My weekend in Wickham
“I’ve always felt it’s a very welcoming village,” says Kate Martin who runs The Wonky Pot Tea & Herb Company with mum Diane Owen. She has lived locally for 18 years and, according to her, despite the village having grown in size it’s lost none of its charm.
“Things are always changing,” she says. “The new Café Meon at Chesapeake Mill is doing really well, Heming hardware is making updates too and the local butcher even stocks Ossobucco. We often eat out and there’s lots of variety here; Veranda curry house is good for lunch and dinner, while Westlands Farm Shop in nearby Shedfield, is wonderful; they rear all their own meat and grow their own vegetables. “We’ve got a really energetic Labrador that needs walking all the time and the old railway line is lovely. You can go over to Soberton, where there’s The White Lion pub, or stop off for a picnic along the way. It’s very much country living here. I’m definitely not a town girl; I like the slower pace of life”

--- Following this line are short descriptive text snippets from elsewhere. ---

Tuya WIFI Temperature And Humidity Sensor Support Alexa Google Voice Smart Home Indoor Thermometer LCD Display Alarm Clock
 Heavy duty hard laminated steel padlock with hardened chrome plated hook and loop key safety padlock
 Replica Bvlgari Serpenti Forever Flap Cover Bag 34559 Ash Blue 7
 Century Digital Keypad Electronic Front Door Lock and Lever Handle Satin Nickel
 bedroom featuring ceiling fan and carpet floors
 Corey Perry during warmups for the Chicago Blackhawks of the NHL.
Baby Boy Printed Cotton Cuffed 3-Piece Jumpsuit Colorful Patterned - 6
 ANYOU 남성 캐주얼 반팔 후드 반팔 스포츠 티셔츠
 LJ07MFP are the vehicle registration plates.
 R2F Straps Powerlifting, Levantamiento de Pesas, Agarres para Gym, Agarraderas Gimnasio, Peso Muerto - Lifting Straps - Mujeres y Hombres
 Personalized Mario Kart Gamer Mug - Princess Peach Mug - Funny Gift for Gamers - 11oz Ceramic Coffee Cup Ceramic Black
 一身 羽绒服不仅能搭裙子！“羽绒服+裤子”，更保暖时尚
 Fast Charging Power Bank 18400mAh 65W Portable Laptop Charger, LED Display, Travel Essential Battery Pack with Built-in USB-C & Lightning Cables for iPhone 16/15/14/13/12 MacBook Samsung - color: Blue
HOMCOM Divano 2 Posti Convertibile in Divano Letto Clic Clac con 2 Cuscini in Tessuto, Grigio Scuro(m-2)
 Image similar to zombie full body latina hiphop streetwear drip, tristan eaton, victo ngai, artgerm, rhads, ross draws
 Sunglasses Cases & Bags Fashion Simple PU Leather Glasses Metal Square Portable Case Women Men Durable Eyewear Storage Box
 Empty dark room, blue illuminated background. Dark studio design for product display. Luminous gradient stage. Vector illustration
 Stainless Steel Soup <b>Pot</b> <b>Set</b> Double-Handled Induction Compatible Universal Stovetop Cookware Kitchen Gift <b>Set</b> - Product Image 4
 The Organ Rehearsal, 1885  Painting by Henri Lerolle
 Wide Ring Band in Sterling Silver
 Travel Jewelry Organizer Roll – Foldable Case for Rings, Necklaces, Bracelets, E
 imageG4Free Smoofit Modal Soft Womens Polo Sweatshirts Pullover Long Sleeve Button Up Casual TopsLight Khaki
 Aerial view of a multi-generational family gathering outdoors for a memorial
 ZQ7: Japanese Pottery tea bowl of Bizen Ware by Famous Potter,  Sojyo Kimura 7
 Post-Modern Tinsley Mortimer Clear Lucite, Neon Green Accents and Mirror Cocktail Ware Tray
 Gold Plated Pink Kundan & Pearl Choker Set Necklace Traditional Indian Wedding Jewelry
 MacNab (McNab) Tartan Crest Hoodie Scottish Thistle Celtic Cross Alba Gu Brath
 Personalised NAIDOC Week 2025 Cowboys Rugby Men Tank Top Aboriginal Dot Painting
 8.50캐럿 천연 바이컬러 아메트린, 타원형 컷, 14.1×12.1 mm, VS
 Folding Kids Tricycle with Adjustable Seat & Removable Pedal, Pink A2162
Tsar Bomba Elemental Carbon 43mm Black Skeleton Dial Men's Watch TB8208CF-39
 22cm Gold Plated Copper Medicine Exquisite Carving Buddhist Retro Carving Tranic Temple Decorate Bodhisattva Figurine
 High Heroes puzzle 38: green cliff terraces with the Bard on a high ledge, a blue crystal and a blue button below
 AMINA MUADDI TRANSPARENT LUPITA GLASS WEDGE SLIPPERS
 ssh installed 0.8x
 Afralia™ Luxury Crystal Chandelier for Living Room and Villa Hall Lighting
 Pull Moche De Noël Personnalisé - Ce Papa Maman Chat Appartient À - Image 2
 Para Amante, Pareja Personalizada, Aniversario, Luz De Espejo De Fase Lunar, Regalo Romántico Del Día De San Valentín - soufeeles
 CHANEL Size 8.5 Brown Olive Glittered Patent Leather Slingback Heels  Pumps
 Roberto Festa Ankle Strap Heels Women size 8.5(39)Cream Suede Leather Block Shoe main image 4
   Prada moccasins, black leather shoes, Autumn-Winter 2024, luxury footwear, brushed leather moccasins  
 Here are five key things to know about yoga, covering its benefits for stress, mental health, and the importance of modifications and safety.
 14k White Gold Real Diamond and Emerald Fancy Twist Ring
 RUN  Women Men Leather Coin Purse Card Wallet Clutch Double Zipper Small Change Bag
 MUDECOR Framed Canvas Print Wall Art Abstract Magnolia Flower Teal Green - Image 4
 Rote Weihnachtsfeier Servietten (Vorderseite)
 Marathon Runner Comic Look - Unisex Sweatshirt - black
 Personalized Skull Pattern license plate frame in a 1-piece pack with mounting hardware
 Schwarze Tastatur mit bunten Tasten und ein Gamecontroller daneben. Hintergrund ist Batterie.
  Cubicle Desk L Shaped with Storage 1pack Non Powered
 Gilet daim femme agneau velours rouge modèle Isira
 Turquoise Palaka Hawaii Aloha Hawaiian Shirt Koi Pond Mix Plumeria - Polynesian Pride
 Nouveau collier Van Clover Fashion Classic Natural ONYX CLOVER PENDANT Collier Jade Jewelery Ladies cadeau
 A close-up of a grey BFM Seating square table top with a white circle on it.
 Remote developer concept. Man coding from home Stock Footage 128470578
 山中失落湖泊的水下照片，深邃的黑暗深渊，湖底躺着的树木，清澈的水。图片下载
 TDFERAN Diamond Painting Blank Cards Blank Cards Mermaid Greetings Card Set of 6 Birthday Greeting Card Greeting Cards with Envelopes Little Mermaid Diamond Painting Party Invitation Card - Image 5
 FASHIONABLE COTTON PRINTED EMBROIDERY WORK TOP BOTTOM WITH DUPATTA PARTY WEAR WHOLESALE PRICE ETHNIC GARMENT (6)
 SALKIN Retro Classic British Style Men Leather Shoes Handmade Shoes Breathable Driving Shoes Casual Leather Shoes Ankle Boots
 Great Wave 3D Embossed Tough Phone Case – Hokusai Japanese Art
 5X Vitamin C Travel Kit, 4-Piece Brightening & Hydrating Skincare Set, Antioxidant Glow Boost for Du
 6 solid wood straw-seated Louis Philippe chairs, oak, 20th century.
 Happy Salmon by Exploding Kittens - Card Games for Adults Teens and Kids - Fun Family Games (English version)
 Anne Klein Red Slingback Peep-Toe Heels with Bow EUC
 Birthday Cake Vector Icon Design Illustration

For the scenic route follow the A31/A32 from Alton, otherwise Wickham is two miles north of the M27 (Jct 10) and under ten miles from the M3 (Jct 11). The Square has pay and display parking or Mill Lane’s Station Close has free spaces. The nearest rail station is Fareham (London 90 minutes), and the number 20 bus goes to Wickham Monday to Saturday, or there’s a service from Winchester.